Exercise goal: In the records below, find the line that contains "جلسه مشاوره خانواده" and the line that contains "Michael Jackson con"; write out exactly those two lines and everything between them, without the pictures.

Input:
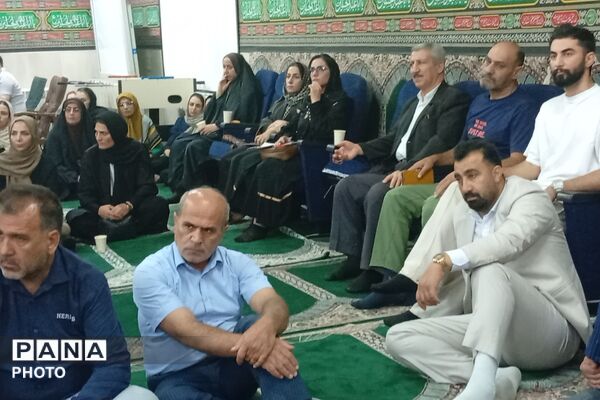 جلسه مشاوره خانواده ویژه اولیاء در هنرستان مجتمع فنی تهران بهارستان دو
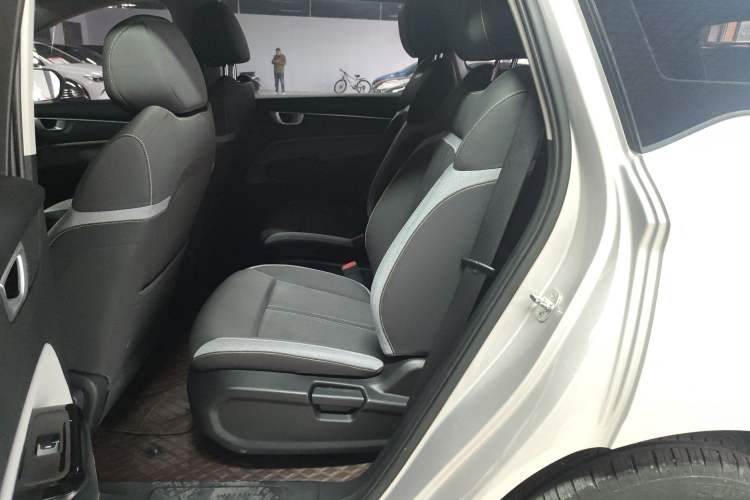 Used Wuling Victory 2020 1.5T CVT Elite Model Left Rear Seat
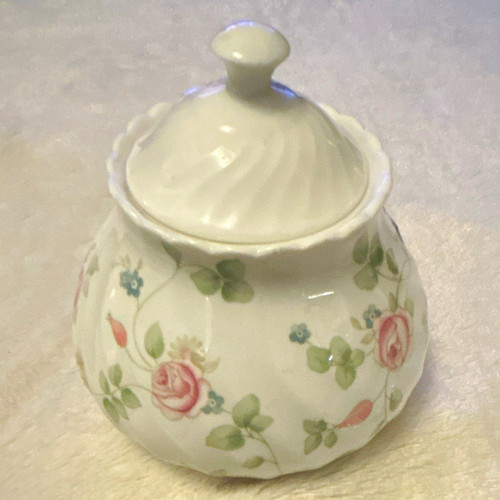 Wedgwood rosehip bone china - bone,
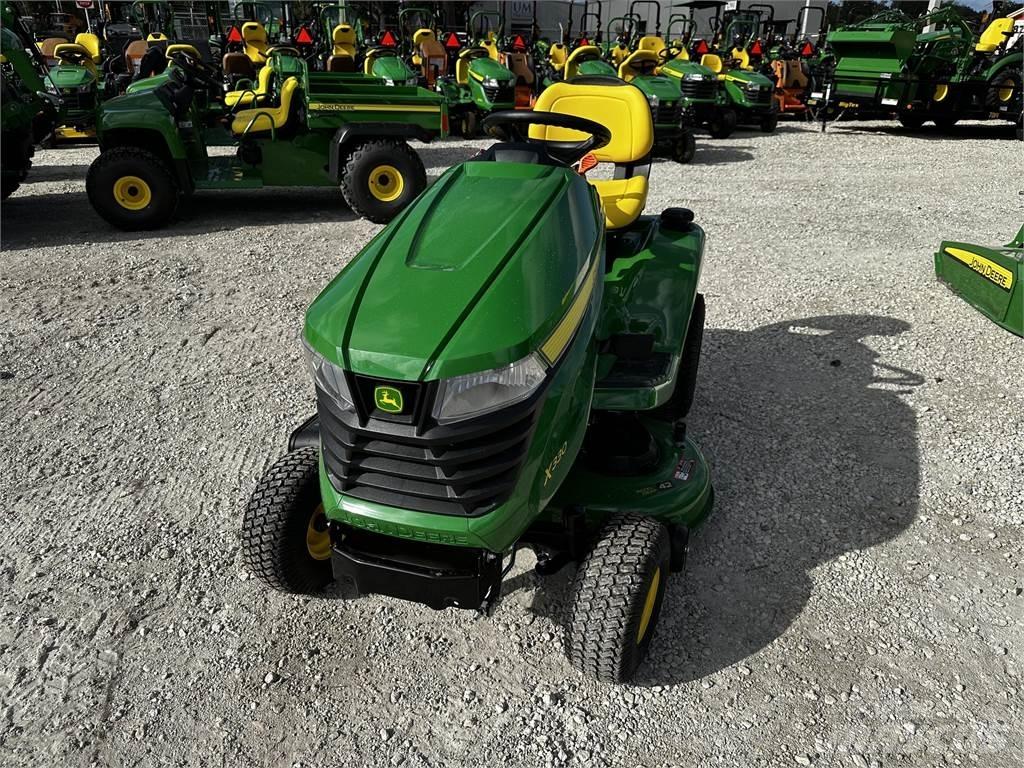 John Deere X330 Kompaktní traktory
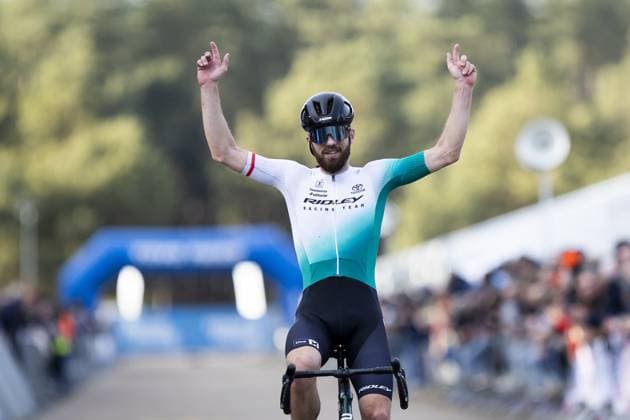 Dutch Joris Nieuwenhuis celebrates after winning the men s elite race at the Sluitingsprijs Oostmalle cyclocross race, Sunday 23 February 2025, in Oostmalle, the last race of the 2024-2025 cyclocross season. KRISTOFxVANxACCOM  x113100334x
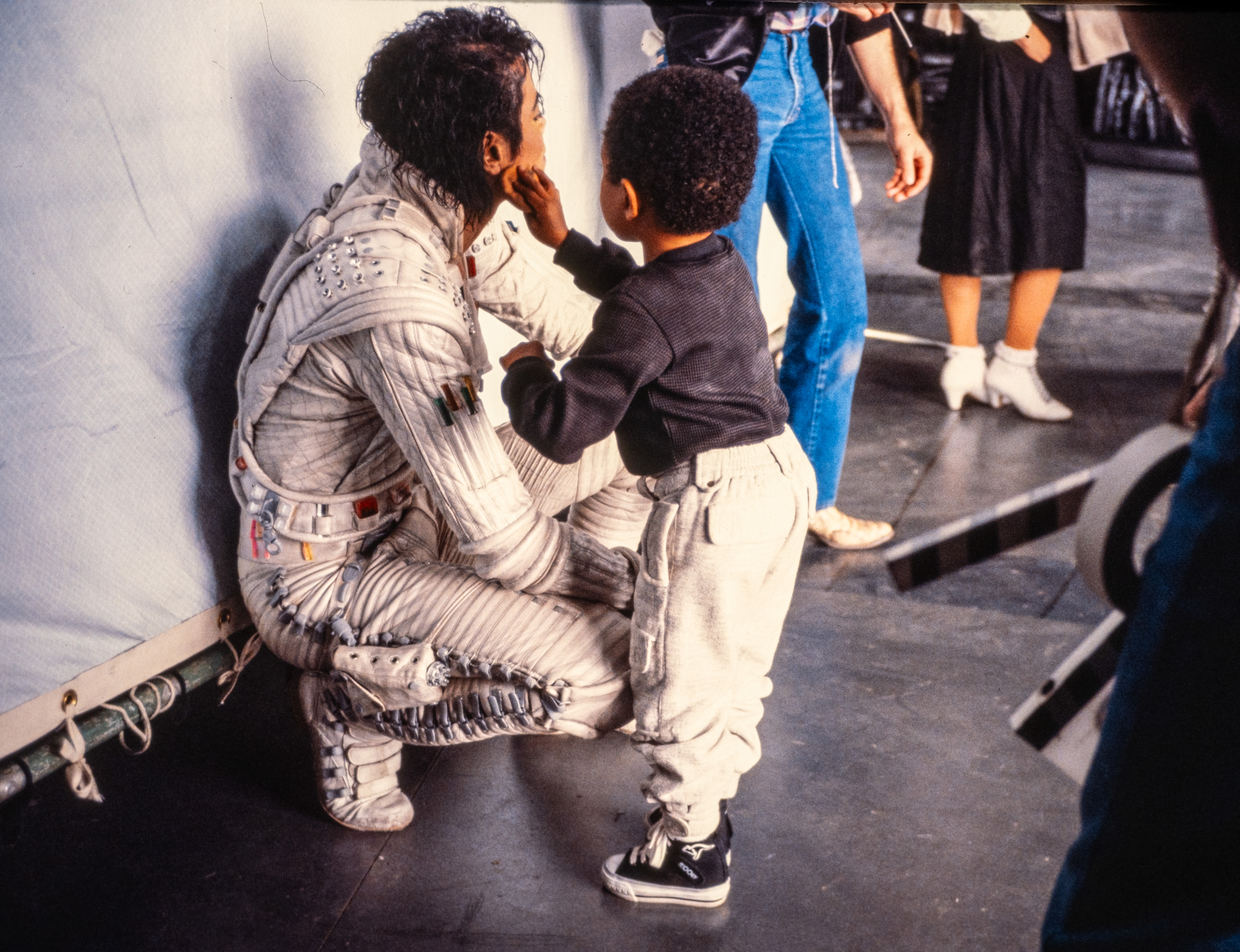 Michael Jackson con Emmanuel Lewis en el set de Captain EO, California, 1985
--
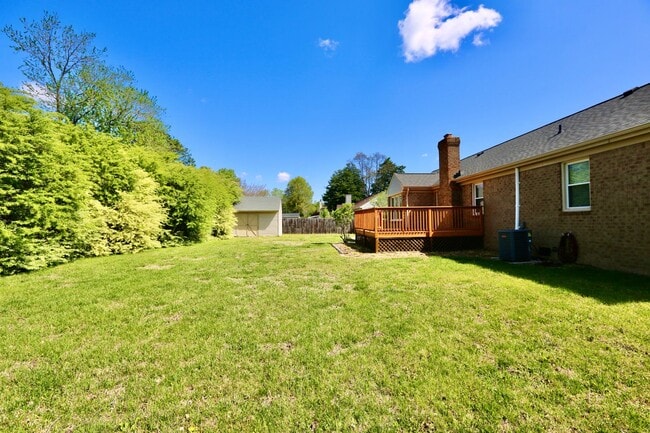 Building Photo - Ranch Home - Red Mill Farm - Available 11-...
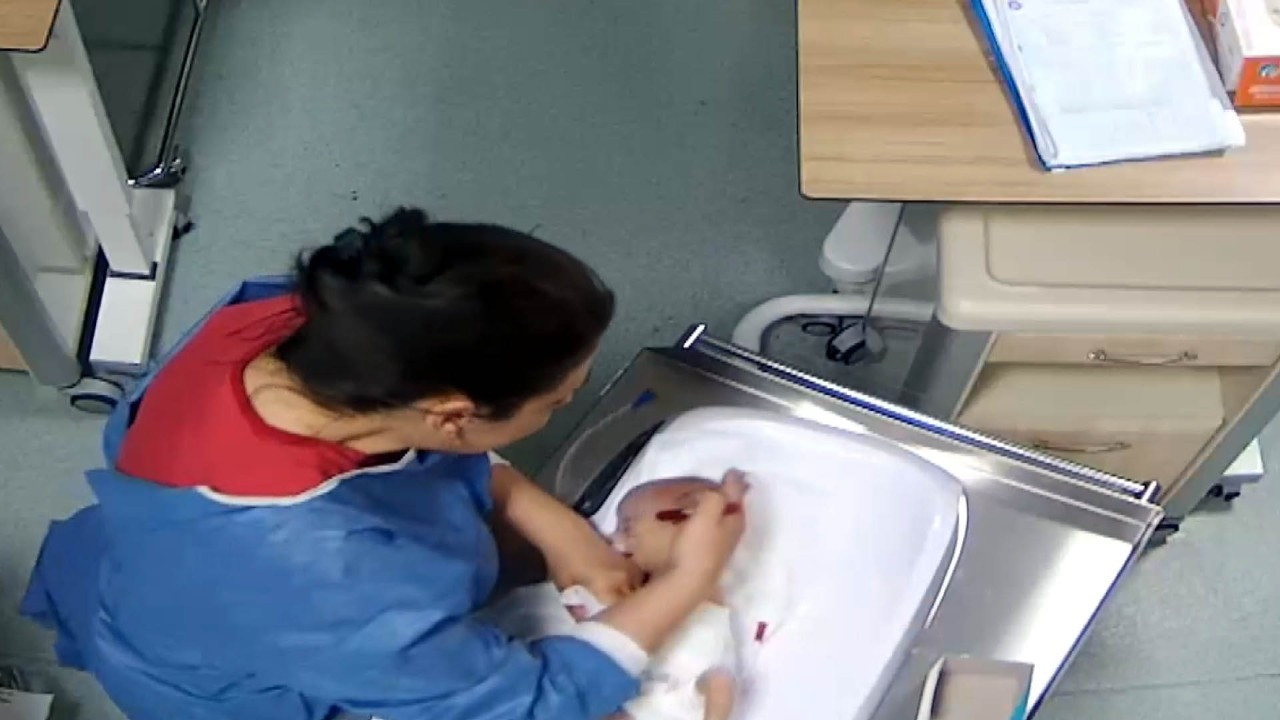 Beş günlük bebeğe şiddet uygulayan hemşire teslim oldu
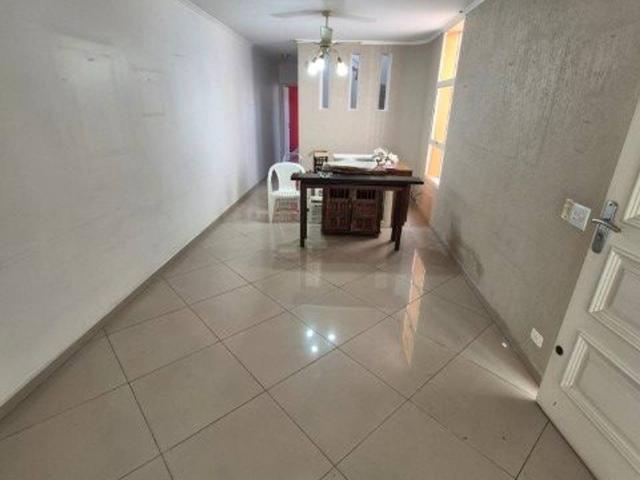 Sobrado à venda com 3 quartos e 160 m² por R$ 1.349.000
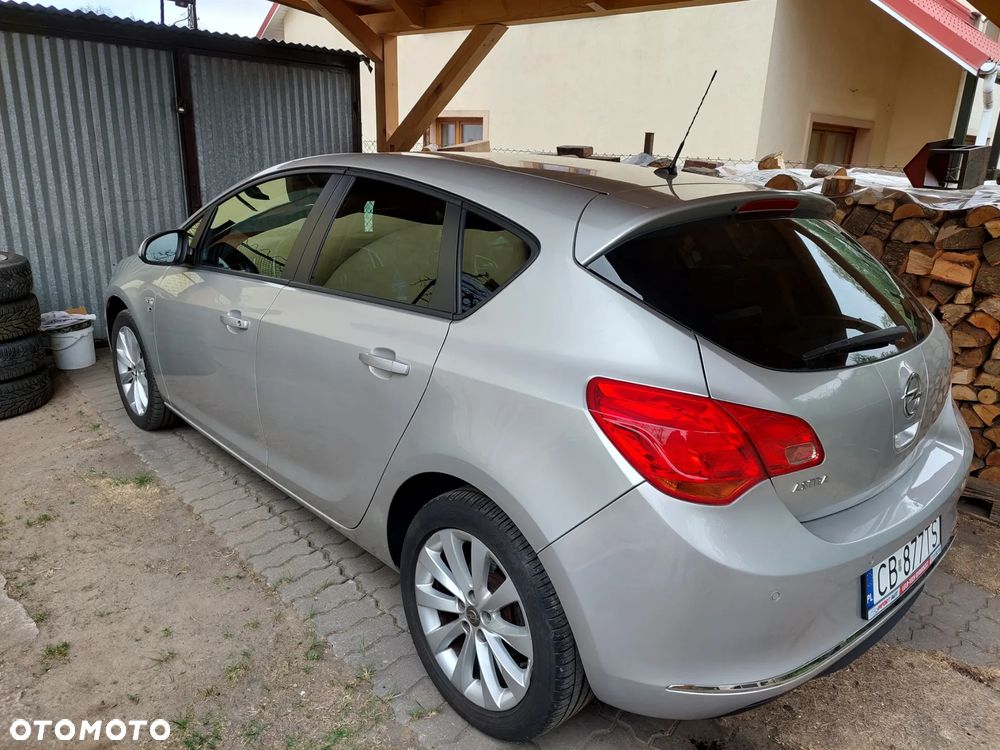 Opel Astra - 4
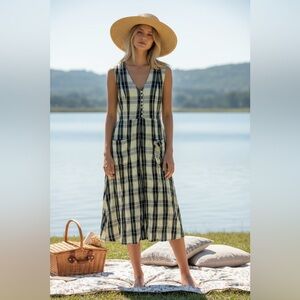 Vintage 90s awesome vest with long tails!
--
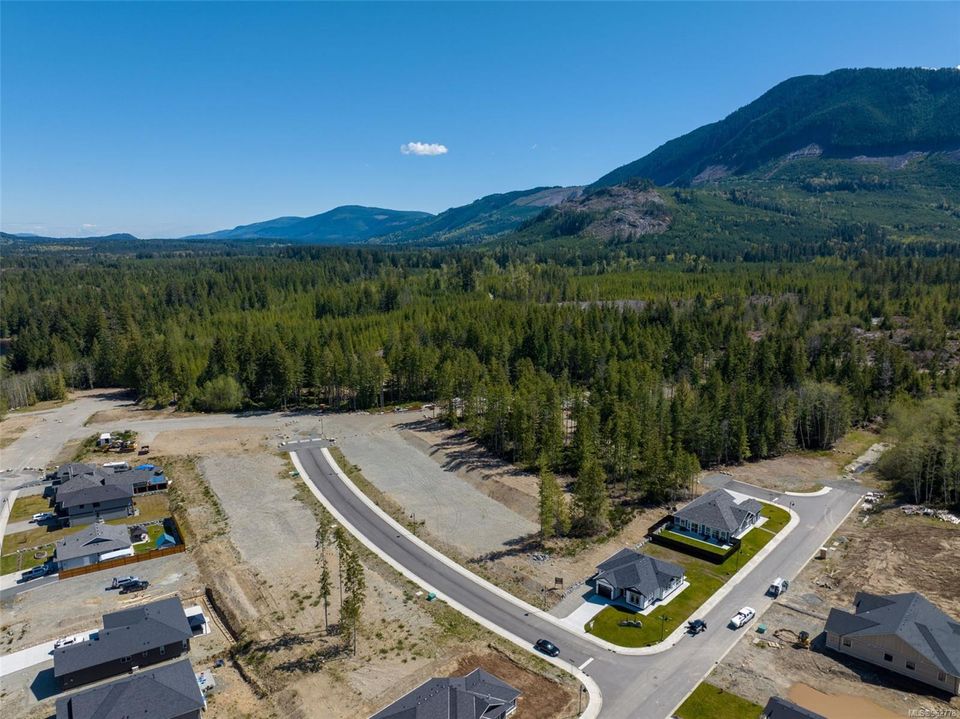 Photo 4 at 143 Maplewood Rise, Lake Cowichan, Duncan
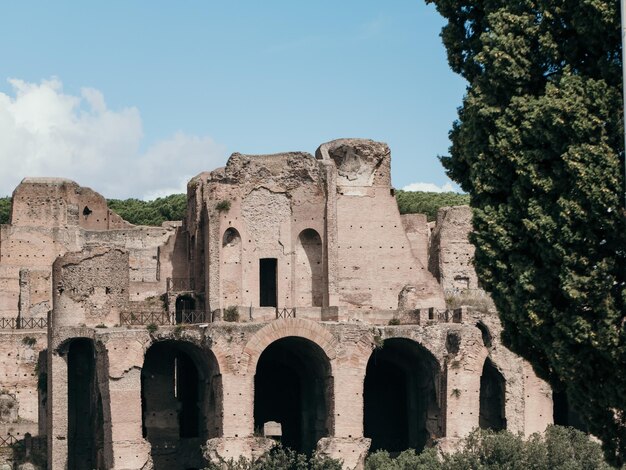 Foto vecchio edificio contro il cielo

Result below:
 جلسه مشاوره خانواده ویژه اولیاء در هنرستان مجتمع فنی تهران بهارستان دو
 Used Wuling Victory 2020 1.5T CVT Elite Model Left Rear Seat
 Wedgwood rosehip bone china - bone,
 John Deere X330 Kompaktní traktory
 Dutch Joris Nieuwenhuis celebrates after winning the men s elite race at the Sluitingsprijs Oostmalle cyclocross race, Sunday 23 February 2025, in Oostmalle, the last race of the 2024-2025 cyclocross season. KRISTOFxVANxACCOM  x113100334x
 Michael Jackson con Emmanuel Lewis en el set de Captain EO, California, 1985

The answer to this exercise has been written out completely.